Hawaiian Vintage Chocolate Crunch Bars

From the 2002 KLO dinner — Hawaiian Luau


Hawaiian Vintage Chocolate Crunch Bars

Ingredients in boldface have separate recipes, which follow the main recipe.

  • Macadamia Nut Brittle
  • 1/4 cup macadamia nut oil, or vegetable oil
  • 12 oz gaufrette cookies (about 50)
  • 1-1/2 lbs Hawaiian Vintage milk chocolate
  • 1-1/4 lbs Hawaiian Vintage dark chocolate
  • 2-1/2 cups heavy whipping cream
  • 4 tsp macadamia nut liqueur
  • Anglaise
  • Chocolate Sauce
  • 1/4 cup cocoa powder, for dusting
  • 1 cup raspberries (or other fresh fruit) for garnish

Grease a baking sheet and spatula. Line a 9×13 pan with plastic wrap. Prepare the brittle.

Place the brittle in a kitchen towel and crush with a rolling pin or mallet. Transfer to a bowl and add the oil.

Place the gaufrette cookies in a kitchen towel and crush with a rolling pin or mallet. Add to the brittle in the bowl. In the top of a double boiler, melt the milk chocolate. Add to the bowl. Stir well and transfer the mixture to the plastic wrap lined pan. Refrigerate until needed.

In the top of a double boiler, melt the dark chocolate. Transfer to a clean bowl. When cool, fold in the cream, add the liqueur, and mix thoroughly. Spread over the milk chocolate mixture in the pan and refrigerate for at least 2 hours, preferably overnight.

Remove the chocolate from the pan and transfer to a flat work surface. Remove and discard the plastic wrap. Cut the chocolate into oblong bars or the desired shapes. Dust with cocoa powder before serving.

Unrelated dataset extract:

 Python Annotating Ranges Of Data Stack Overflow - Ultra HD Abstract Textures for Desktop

Prepare the Anglaise and the Chocolate Sauce.

To serve, spoon a pool of Anglaise on individual plates. Swirl in the chocolate sauce. Artistically arrange pieces of the crunch bar in a pile next to the Anglaise. Garnish with berries. Serves 6 to 8.


Macadamia Nut Brittle

  • 1 cup diced macadamia nuts
  • 1/4 cup water
  • 1 cup brown sugar
  • 1/2 cup corn syrup
  • 1/4 cup butter
  • 1/2 tsp vanilla extract
  • 1 tsp baking soda, sifted

Preheat the oven to 250 F. Place the nuts on an ungreased baking sheet and toast for 10 minutes.

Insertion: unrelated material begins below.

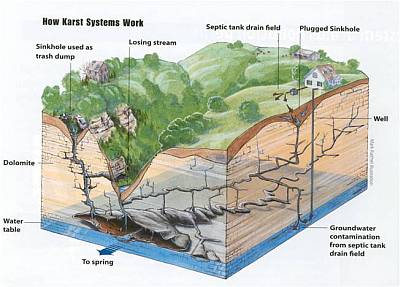 How Karst Systems Work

In a heavy-bottomed saucepan over medium-high heat, combine the water, sugar, corn syrup, and butter. Heat until the mixture reaches 280 F on a candy thermometer. Add the vanilla and toasted nuts. Carefully stir in the baking soda — use caution as the mixture will bubble up. Immediately pour onto the greased cookie sheet and spread evenly with the greased spatula. When it is cool enough to touch, by hand carefully pull out the brittle to make it thinner. Let cool.


Anglaise

  • 4 egg yolks
  • 1/4 cup sugar
  • 1 cup milk
  • 1 vanilla bean, halved lengthwise & seeds scraped

In a bowl whisk together the egg yolks and sugar. In a saucepan bring the milk, vanilla bean, and vanilla beans to a boil. Stir 1/2 cup of the hot milk into the egg mixture, then pour the egg mixture back into the saucepan. Reduced the heat to medium. Cook, stirring constantly, until the mixture thickens and coats the back of a wooden spoon; do not overcook. Strain into a stainless steel bowl and place in an ice bath to cool. When cool, stir once more and refrigerate until needed.


Chocolate Sauce

  • 4 oz Hawaiian Vintage dark chocolate
  • 1/4 cup heavy whipping cream

Place the chocolate in a small, deep bowl. In a saucepan, bring the cream to a boil. Pour over the chocolate and stir until smooth. Keep at room temperature until ready to use; heat over a water bath if the sauce becomes too thick and cold.